Patroclus, in narration, p. 224

While Achilles goes off to battle, Patroclus stays home and prepares for his return (much like the wife he will later be compared to, Cleopatra to Achilles' Meleager). He performs the emotional labor of processing Achilles' violence and the excitement around it, listening to things he doesn't want to know so that he can make Achilles "Achilles again." Patroclus's thinking is shown to be quite different from his Greek compatriots', many of whom would revel in bloody images, not have to "digest" them. Few of the Greek warriors would consider the vase of posterity as "unremarkable" as Patroclus does. The metaphor of himself as the painter of the vase involves him in Achilles' work, and it communicates that Patroclus doesn't love Achilles' work at all. Patroclus loves Achilles, not the vases and songs that will be made about him. Releasing Achilles from his "great deeds" is labor, and Achilles himself, unburdened, is the reward.

"Put me in your armor, and I will lead the Myrmidons. They will think it is you." The words shocked us both. They seemed to come through me, not from me, as though spoken straight from a god's mouth. Yet I seized on them, as a drowning man. "Do you see?

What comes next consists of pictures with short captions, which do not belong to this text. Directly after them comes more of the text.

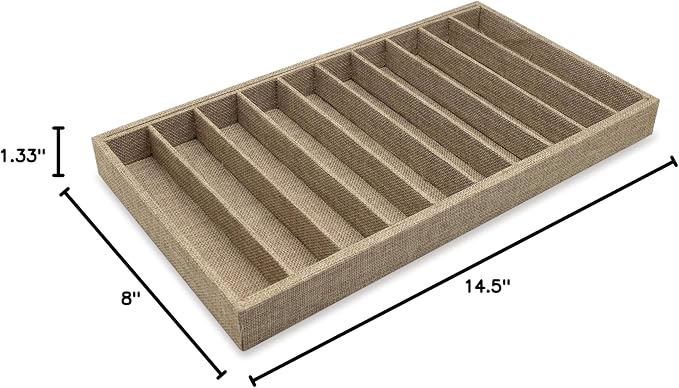 The Display Guys - Stackable Jewelry Tray and Organizer - for Drawers, Dressers, Store Display (10 Compartments, Beige Burlap)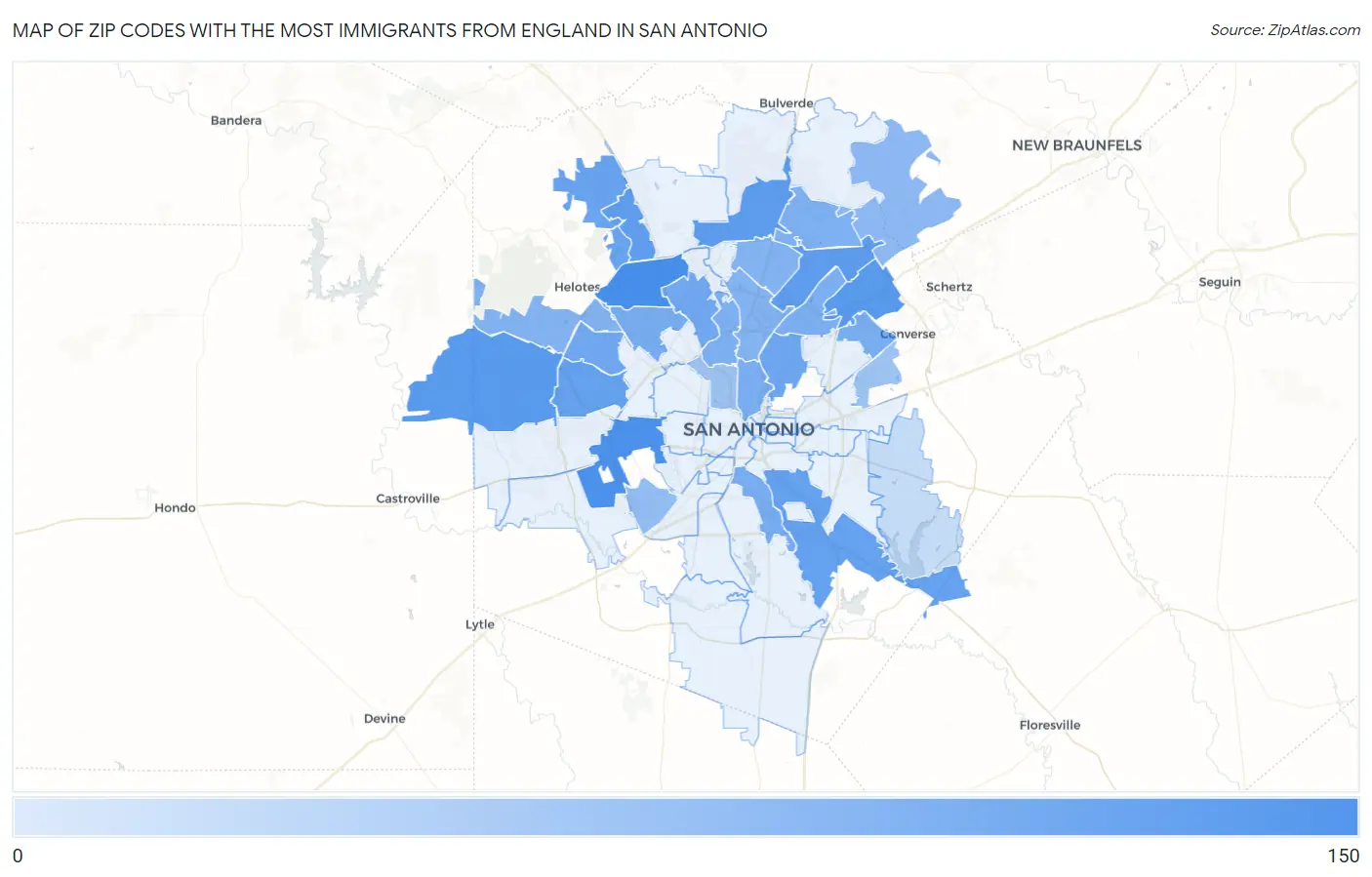 Zip Codes with the Most Immigrants from England in San Antonio Map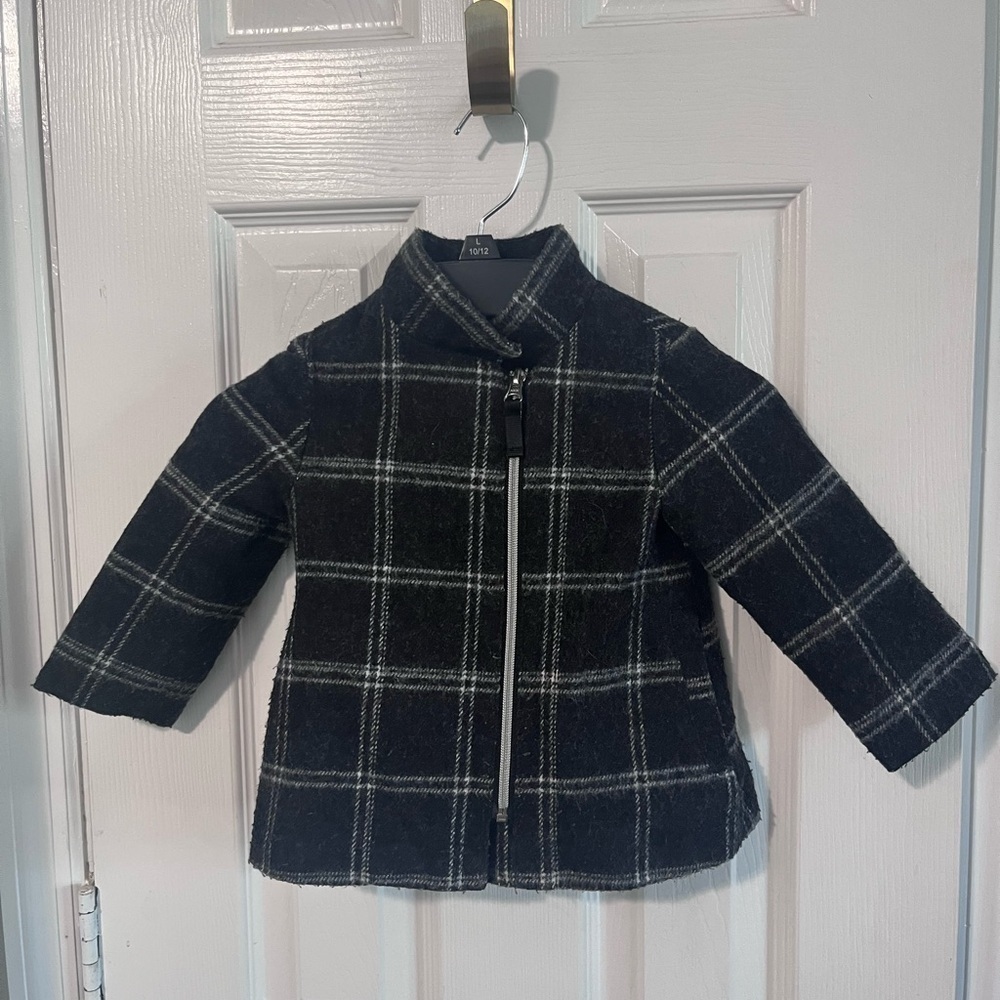 Cherokee girls toddler 18 M Black and White Pea Coat Classic plaid zipper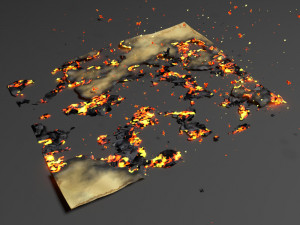 burning paper animation Modèle 3D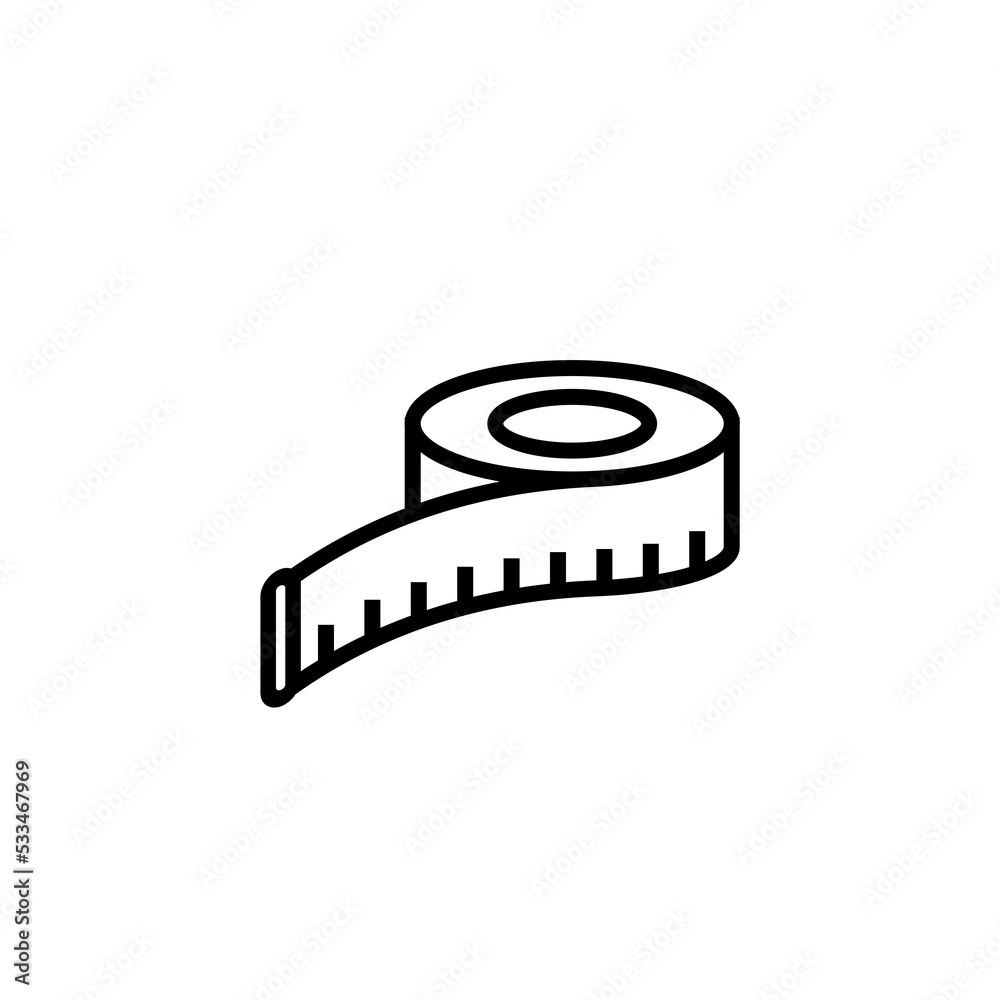 Measuring tape line icon isolated on white background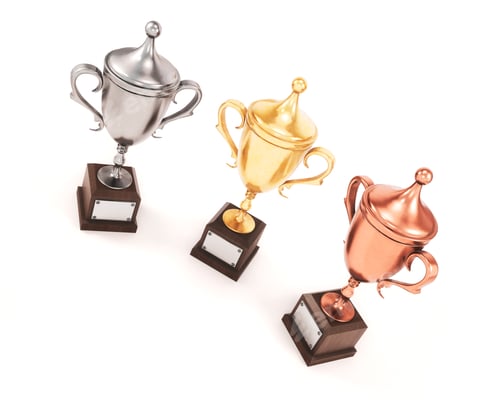 Preview: Three League Cup on white background. Gold, silver and bronze cups. 3d rendering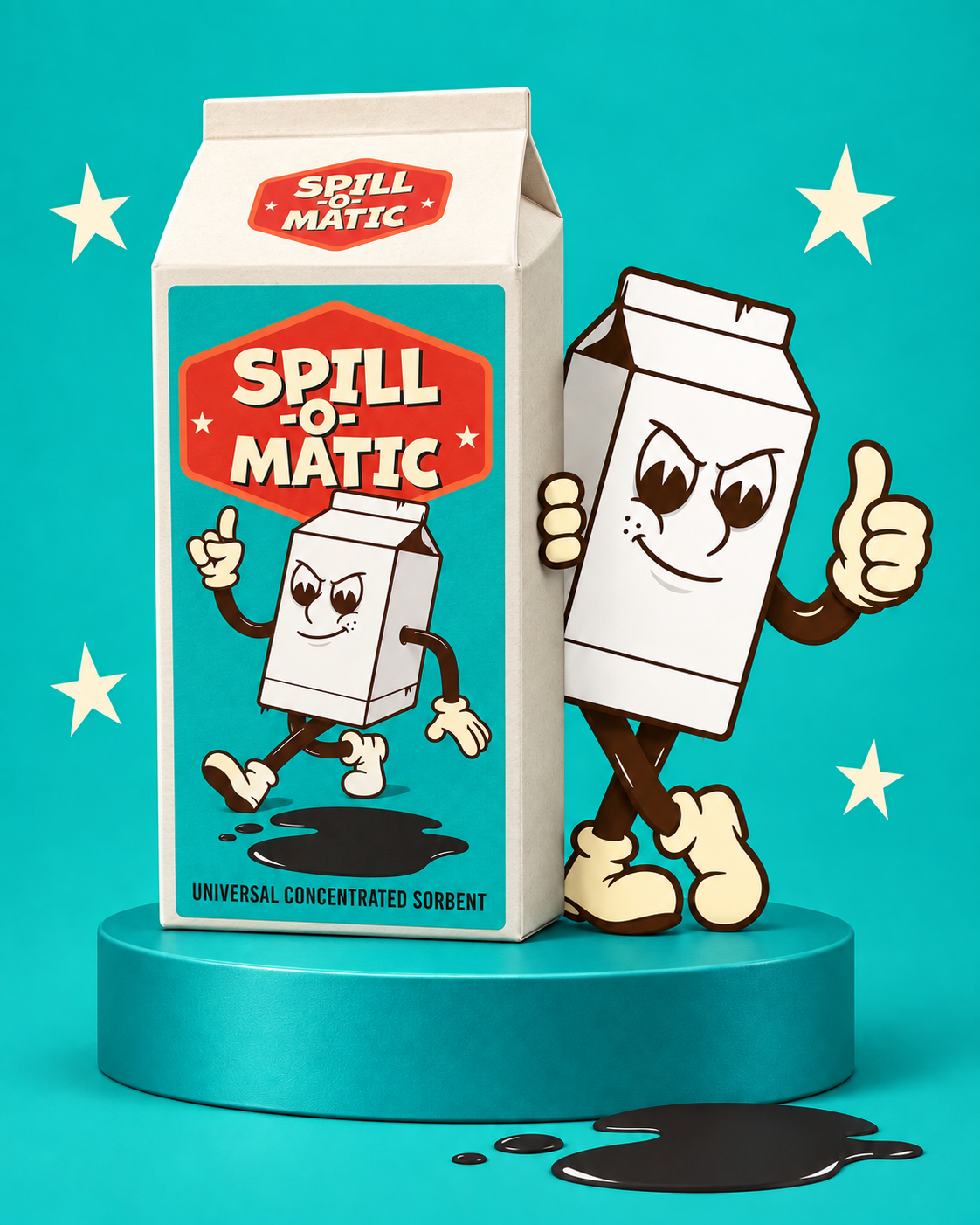 Spill-O-Matic carton with mascot giving a thumbs-up
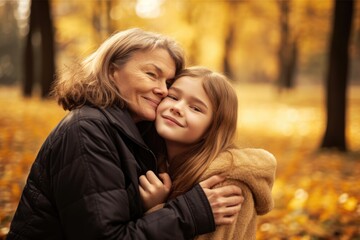 Fototapeta premium Happy Mature woman embracing her daughter in a park. Generative AI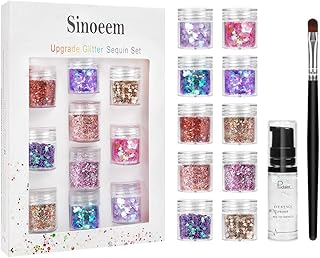 Sinoeem 10 paillettes cosmétiques réfléchissantes pour le visage, le corps et les cheveux (comprend un gel fixateur longue durée et un pinceau) maquillage de beauté pour festivals et fêtes (10 couleurs). DIAYTAR COTE D'IVOIRE est la première boutique en ligne en Côte d'Ivoire, offrant une large gamme de produits allant de l'électronique à la mode en passant par les produits alimentaires. Les clients peuvent profiter de promotions et de réductions régulières, ce qui rend leurs achats encore plus abordables. La livraison est rapide et fiable.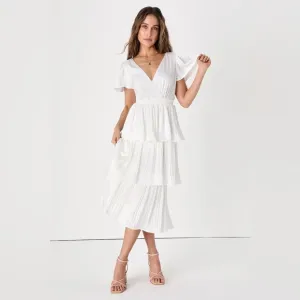 NWOT Lulus Twirl-wind Romance White Satin Pleated Tiered Short Sleeve Midi Dress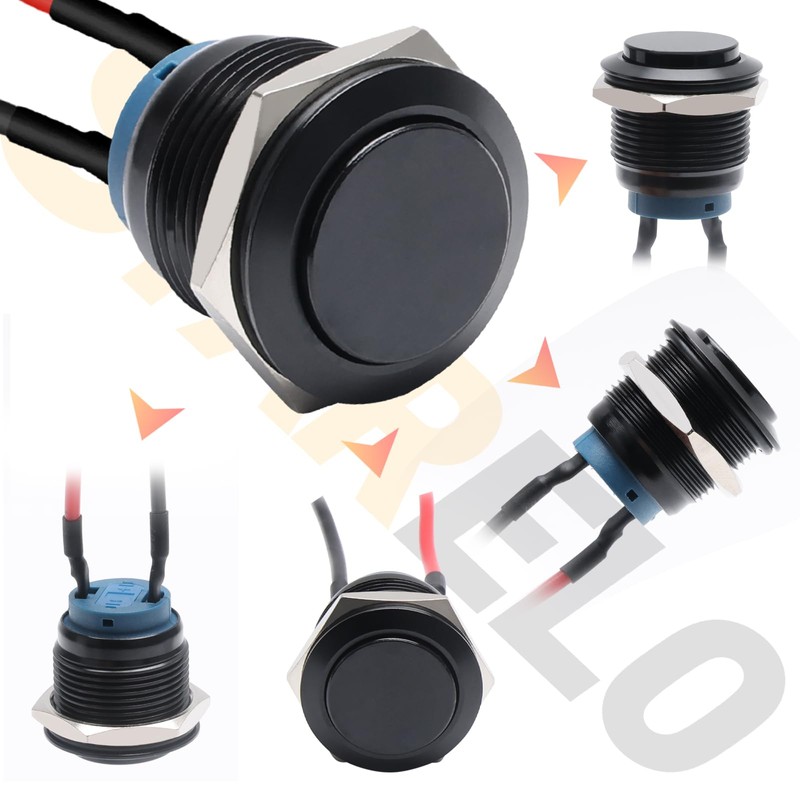 STARELO 5pcs 19mm Latching Push Button Switch Black Shell with
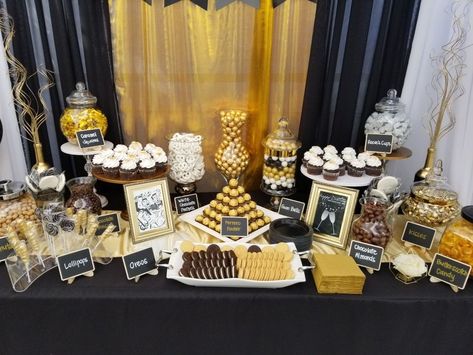 Dessert Table Ideas Black And Gold, 50th Birthday Snack Table, Desert Table Ideas Birthday Black And Gold, 50th Birthday Party Dessert Table Ideas, Black And Gold Snack Table, Gold And Black Sweets Table, Black And Gold Party Dessert Table, 50th Birthday Sweet Table Ideas, Black And Gold Candy Bar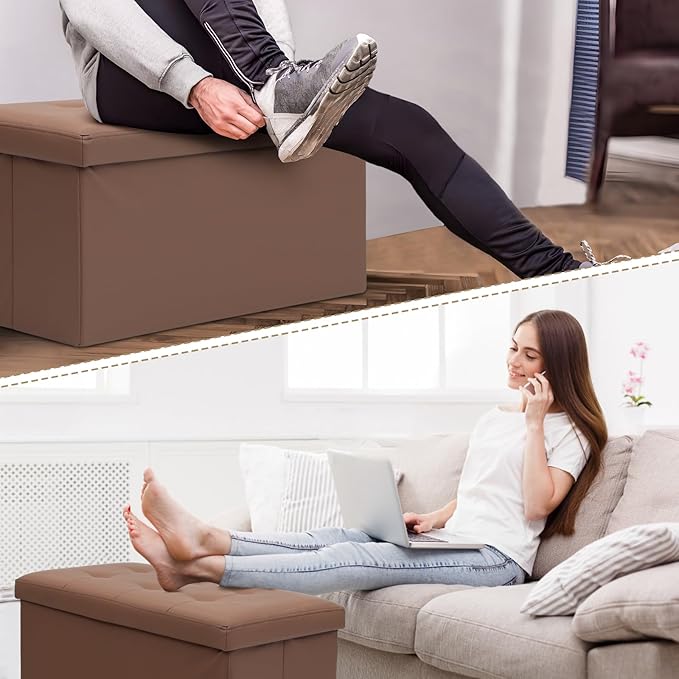 Athena Collection 30" Storage Ottoman Bench Folding Bench with 90L Hidden Storage, Large End of Bed Bench PU Leather Foot Rest Stool Chest with Flipping Lid for Living Room, Bedroom, Entryway, Brown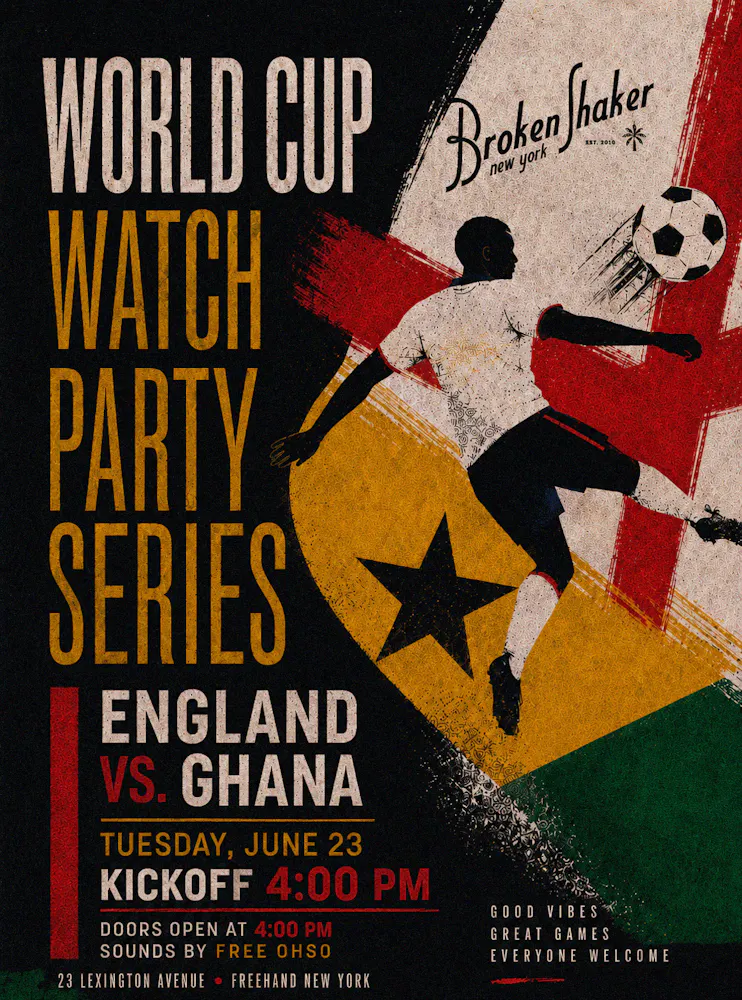 World cup watch party series england vs ghana kickoff 4PM sounds by Free Osho Good vibes, great game, Everyone welcome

You will not have to break your oath, yet the Greeks will be saved."

Patroclus, p. 324

When Patroclus proposes dressing as Achilles, he is surprised by his own words. The quotation above makes it unclear if "as though spoken straight from a god's mouth" should be taken as a simile or as a literal description of events. The following sentence contains a non-literal simile. Should the parallelism in these sentences be interpreted to mean that both "as X" phrases function as merely illustrative rhetorical devices? Or does that parallelism highlight the difference between the very possible "as though spoken from a god's mouth" and the clearly non-literal "as a drowning man"? Patroclus himself seems unsure of the answer, leaving interpretation to the reader, despite this decision being a pivotal point in the text.

I have killed a son of Zeus, but it is not enough. They must think it is Achilles who has done it. The dust has already settled on Sarpedon's long hair, like pollen on the underside of a bee. I retrieve my spear and stab it down with all my strength into his chest. The blood spurts, but weakly. There is no heartbeat to push it forward. When I pull the spear out, it dislodges slowly, like a bulb from cracking earth. That is what they will think has killed him.

Patroclus, in narration, p. 331

By killing Sarpedon, son of Zeus, Patroclus has accomplished his most conventionally heroic act of the book. He uses two similes, comparing the dust of the battlefield to the pollen on the underside of a bee, and then a spearhead to a growing plant. These nature-based rhetorical devices indicate that this killing has the appearance of growth rather than death, and they reveal how much Patroclus's education in biology and forestry affects his narration. Similarly, his explanation of the weakened blood spurt is informed by his medical experience. Patroclus is acting as Achilles, actively creating the myth of Achilles, but he describes it in a way that is uniquely Patroclus.

Hector’s eyes are wide, but he will run no longer. He says, “Grant me this. Give my body to my family, when you have killed me.”

Achilles makes a sound like choking. “There are no bargains between lions and men. I will kill you and eat you raw.” His spear-point flies in a dark whirlwind, bright as the evening-star, to catch the hollow at Hector’s throat.

Hector and Achilles, p. 344

Achilles' comparison of himself to a lion here is Miller's direct translation of one of Achilles' lines in the Iliad. Achilles does give Hector's body to his family eventually, so perhaps Priam is a fellow lion, or perhaps Priam's supplication reminds Achilles of his humanity, allowing him to bargain with men again. His spear-point is simultaneously dark and bright, and it "catches" a "hollow," which at least superficially seems contradictory, catching negative space. Catching is a childish thing, playful, like juggling figs, but here it is used to describe murder in an almost soft, lovely way.